> **Record excerpts**:
________________________________________
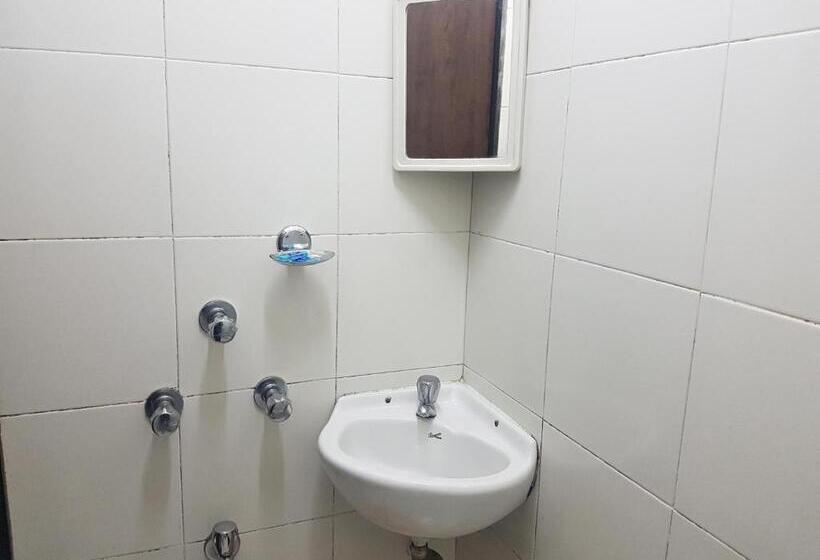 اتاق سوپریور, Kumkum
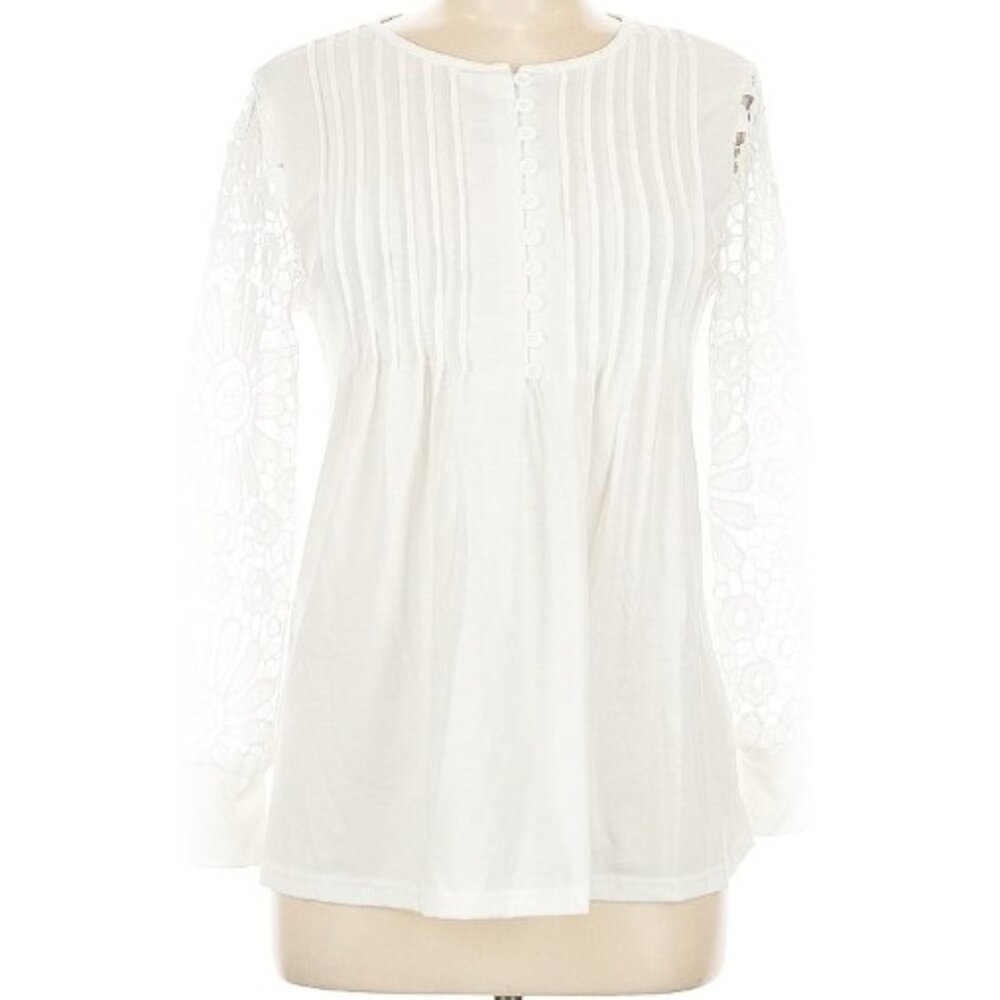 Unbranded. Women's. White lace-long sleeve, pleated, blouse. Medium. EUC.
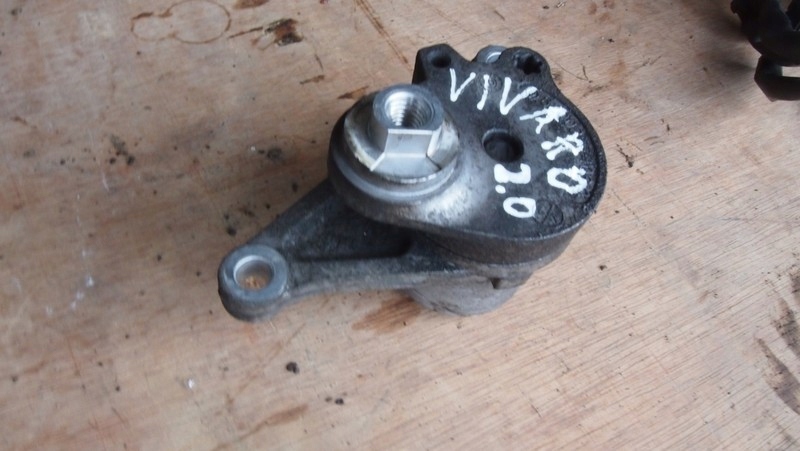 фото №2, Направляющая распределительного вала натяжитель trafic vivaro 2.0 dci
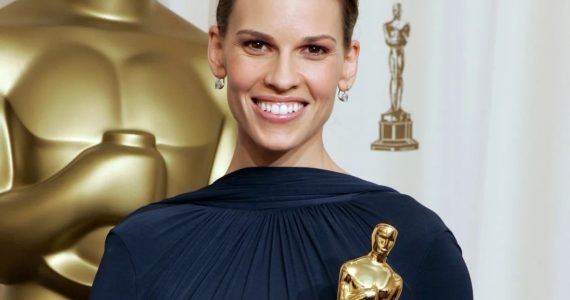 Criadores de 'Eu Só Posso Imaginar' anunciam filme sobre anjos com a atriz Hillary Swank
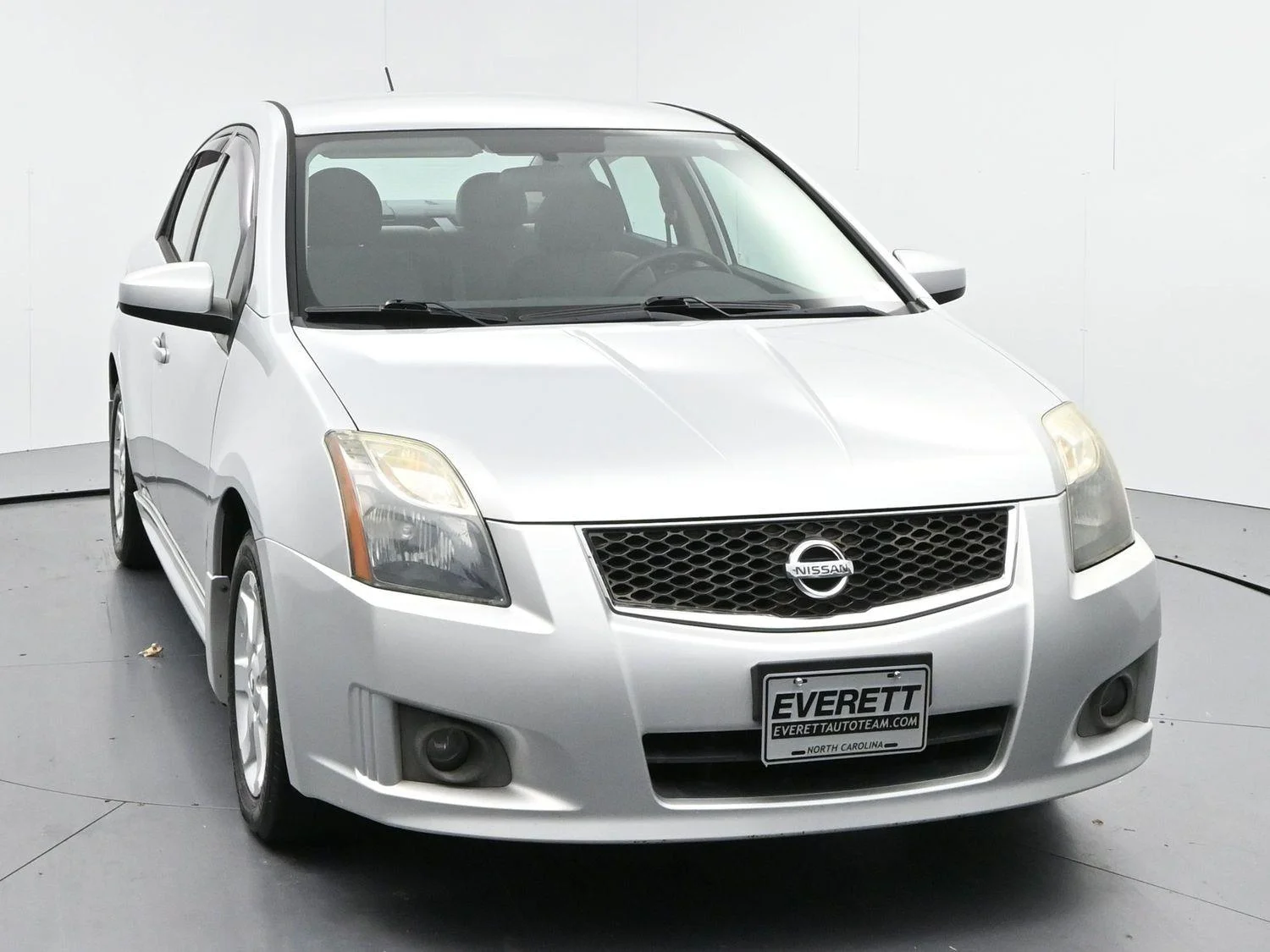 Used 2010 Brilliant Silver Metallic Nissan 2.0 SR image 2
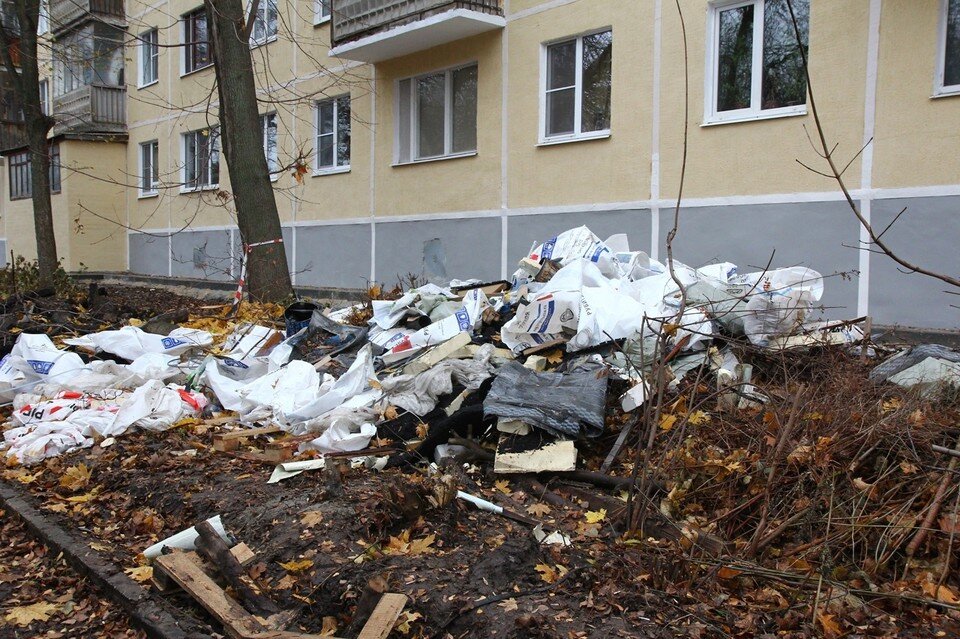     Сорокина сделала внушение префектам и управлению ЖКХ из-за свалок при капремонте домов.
________________________________________
> **Work task**: No pictures should appear in the answer, which is to be the lines from the line with "фото №2, Направляющая" through the end of the records above, restated exactly.

> **Answer box**:
 фото №2, Направляющая распределительного вала натяжитель trafic vivaro 2.0 dci
 Criadores de 'Eu Só Posso Imaginar' anunciam filme sobre anjos com a atriz Hillary Swank
 Used 2010 Brilliant Silver Metallic Nissan 2.0 SR image 2
     Сорокина сделала внушение префектам и управлению ЖКХ из-за свалок при капремонте домов.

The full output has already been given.